**WHAT TO DO:**
Everything in the listing below must be set down again exactly, apart from the pictures.

(DATA)

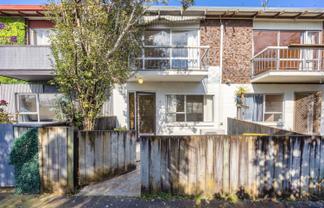 6/48 McLeod Road, Henderson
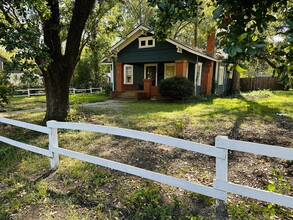 1002 Turner St in Lufkin, TX - Foto de edificio - Building Photo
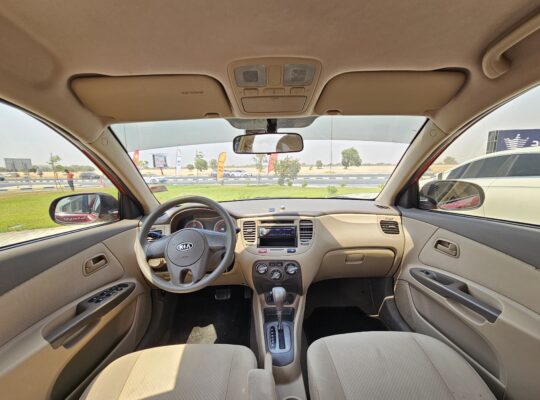 KIA RIO 2012, GCC, 157000 KMS, NEW TYRES, SINGLE ONWER CAR FOR SALE
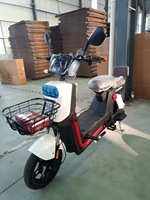 Vélo de cyclomoteur électrique à bas prix avec pédales Scooters de véhicule électrique à deux roues motos 500w vélo électrique pour route de ville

(End DATA)

**PROBLEM SOLUTION:**
 6/48 McLeod Road, Henderson
 1002 Turner St in Lufkin, TX - Foto de edificio - Building Photo
 KIA RIO 2012, GCC, 157000 KMS, NEW TYRES, SINGLE ONWER CAR FOR SALE
 Vélo de cyclomoteur électrique à bas prix avec pédales Scooters de véhicule électrique à deux roues motos 500w vélo électrique pour route de ville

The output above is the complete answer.